Wadjinny: Ehrlich gesagt, ja. Wir haben dieses Thema schon in Baden-Württemberg begleitet letztes Jahr, und wir hatten die Ängste, dass andere Bundesländer dann das Gleiche übernehmen. Und als die Nachricht kam, hat das unsere Ängste sozusagen bestätigt.
Maleike: Für Sie ist das ein falsches Signal, das Signal nämlich, dass man Sie hier in Deutschland nicht will.
"Andere soziale Schichten kommen dann nach Deutschland"
Wadjinny: Genau. Das ist ein total falsches Signal in einer Zeit, wo man über Integration spricht, wo man über internationale Zusammenarbeit oder wirtschaftlich gesehen den Wettbewerb für das Humankapital, international gesehen sozusagen … das ist ein richtig falsches Signal. Das kann man nicht verstehen. Auf jeden Fall nicht sozial, also gemeint ist die Integrationsfrage, oder wirtschaftlich, Stichwort der Mangel der Fachkräfte. Wie Sie schon gesagt hatten, das sind über 300.000 internationale Studierende, das ist eine riesige Masse von Humankapital, das ist eine Sammlung von Menschen, die größer ist als die Stadt von Braunschweig beispielsweise, von jungen motivierten Menschen aus allen Richtungen der Welt, die man gerne integrieren wollte für die Wirtschaft und für die Gesellschaft. Und wenn man so ein Signal bekommt, dann könnte es schwierig werden, um die Zahl zu halten, weil es ist eine Frage des Marketing, und andere Fragen kommen natürlich auch dazu.
Maleike: Also Sie gehen davon aus, dass die Zahl kleiner wird, dass Deutschland nicht mehr so attraktiv wird für ausländische Studierende?

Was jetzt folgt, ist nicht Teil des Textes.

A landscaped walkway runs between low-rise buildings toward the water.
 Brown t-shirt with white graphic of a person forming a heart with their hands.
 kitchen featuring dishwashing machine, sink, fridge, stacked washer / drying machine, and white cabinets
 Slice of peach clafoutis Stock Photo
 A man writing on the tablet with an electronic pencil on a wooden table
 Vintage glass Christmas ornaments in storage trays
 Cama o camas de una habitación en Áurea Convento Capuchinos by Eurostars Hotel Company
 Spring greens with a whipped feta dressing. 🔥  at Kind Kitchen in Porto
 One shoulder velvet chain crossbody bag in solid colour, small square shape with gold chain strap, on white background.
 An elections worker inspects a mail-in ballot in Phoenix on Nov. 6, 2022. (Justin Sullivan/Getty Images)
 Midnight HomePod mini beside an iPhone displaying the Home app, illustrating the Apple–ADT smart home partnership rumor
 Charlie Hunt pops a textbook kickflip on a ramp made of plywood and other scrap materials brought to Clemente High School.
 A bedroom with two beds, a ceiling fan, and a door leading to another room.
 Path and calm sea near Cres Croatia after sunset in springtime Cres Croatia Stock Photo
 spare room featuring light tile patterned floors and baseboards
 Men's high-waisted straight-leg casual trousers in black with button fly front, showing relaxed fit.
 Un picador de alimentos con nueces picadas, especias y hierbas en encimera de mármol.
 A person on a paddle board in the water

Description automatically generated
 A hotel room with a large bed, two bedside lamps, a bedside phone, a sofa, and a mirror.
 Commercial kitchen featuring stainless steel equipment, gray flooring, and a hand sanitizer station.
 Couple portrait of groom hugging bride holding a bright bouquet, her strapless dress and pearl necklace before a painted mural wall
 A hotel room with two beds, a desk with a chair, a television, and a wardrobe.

Wadjinny: Ja, auf jeden Fall, ganz sicher, weil ein großer Teil der international Studierenden kommen von der sogenannten Dritten Welt, und Deutschland war ein beliebtes Ziel wegen dieser Tatsache, dass man hier nicht Studiengebühren bezahlen muss. Und wenn man das ausgleichen will, dann bräuchte man eine Marketingstrategie, um diesen Standort Deutschland attraktiver zu halten. Die Wirkung wäre dann, dass andere soziale Schichten in Deutschland kommen, sprich, dass die Menschen mit schwachem sozialem Hintergrund nicht mehr nach Deutschland kommen. Und das hat wiederum eine Wirkung über die Wirtschaft in Deutschland, weil ihre Firma zu Hause beziehungsweise ihr Unternehmen auf diese Leute wartet. Und sie werden hier nicht bleiben, und dadurch wird Deutschland wirtschaftlich auch das spüren.
Maleike: Sie denken also, dann werden nur noch die kommen, die sich das leisten können, sprich, es kommen nur noch die Reichen, und die wollen eh nicht in Deutschland bleiben, können also bei, sag ich mal, der Behebung des Fachkräftemangels nicht helfen.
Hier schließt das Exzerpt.